When LeBron James first left the Cleveland Cavaliers to sign with the Miami Heat, their focus in training camp was almost solely on defense. According to James’ description of his first training camp with the Los Angeles Lakers, Luke Walton is taking a similar approach to his first season coaching LeBron as Erik Spoelstra did.
According to James, the Lakers have primarily been focusing on defense thus far in the few practices they’ve had. He says that’s how they’ll get into their offense, through success on the other side.

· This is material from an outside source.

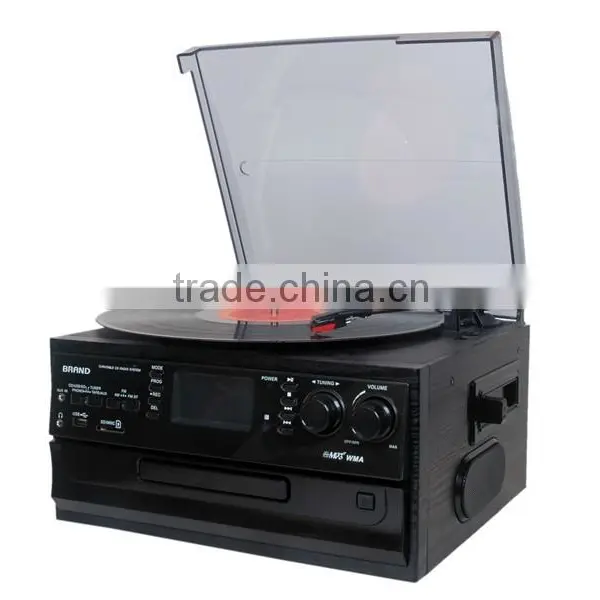 2016 Top Sale Gramophone Record Player CD USB Play Radio Play photo-2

“I think it will be kind of similar to Miami in the sense of we really started with our defense and got out and ran,” James told reporters after practice Wednesday afternoon. “When you get out and run, you’re able to get down the floor before teams can set their defense.
“There’s a lot of good defenses in our league, so to be able to get stops and get out and run before defenses get set up. That’s what we did a lot in Miami. We started with our defensive side and if you defend, it gives you an advantage on the other end.”
For statistical context, those Heat teams James is mentioning didn’t really play as fast as he might remember. In 2011, they ranked 21st in terms of pace, then 15th in 2012, 23rd in 2013 and 27th in 2014. As has often been referenced this summer, the Lakers are coming off a season in which they tied for the second-fastest pace in the NBA.
Still, anyone can surely remember how devastating those dynamic Heat teams were on the break when they did run, so the theory James is envisioning makes sense.
Thanks to crazy overhaul, the Lakers are going to be implementing a brand new system basically on the fly. So focusing on defense, something the Lakers can control, in order to grab a few easy buckets each night is a sensible approach.
While James mentions the higher-caliber defenses in the NBA, focusing on defense to create offense against inferior opponents should pay even higher dividends, as they tend to turn the ball over more often and get back on defense more lackadaisically.
James’ teams may not have gotten out in transition as much compared to other teams, but he is one of the game’s absolute best on the break. In Miami, James had Dwyane Wade to help lead the break and in Cleveland, he had Kyrie Irving for a few years and Kevin Love outlet passes, but he hasn’t played on a team with this many guys capable of getting the transition game started, whether from a rebound or a turnover.
The idea of James being able to simply get out on the break while Lonzo Ball, Rajon Rondo or Brandon Ingram get the ball past the first layer of defense is, quite frankly, thrilling to think about.
And when it is James starting the break and he has shooters filling the lanes next to him, he’s almost weirdly detail-oriented.
“I know how guys like the ball,” James explained. “I watch a lot of film. Knowing if guys like seams or no seams, if they like low passes or high passes, if they like the [pass on the] numbers or the forehead, it’s my job to get it to them.
“I think our coaching staff and Luke will put them in positions, but wherever they are on the floor it’s my job to get it to them.”
One thing I legitimately can’t wait to watch on a nightly basis is the precision James manages on cross-court passes on the move. The idea that he recognizes who will be on the receiving end and alters the way he holds the ball or where he’s going to hit his actual target heading into each pass is mind-boggling.
None of this is possible, though, if the Lakers don’t live up to the caliber of defense they played last year, especially early in the season. If they’re able to match or even exceed that efficiency, they have the tools to be absolutely deadly in transition. That James, the coaching staff and the rest of the Lakers have already recognized this leads me to believe they know what to focus on to make it happen.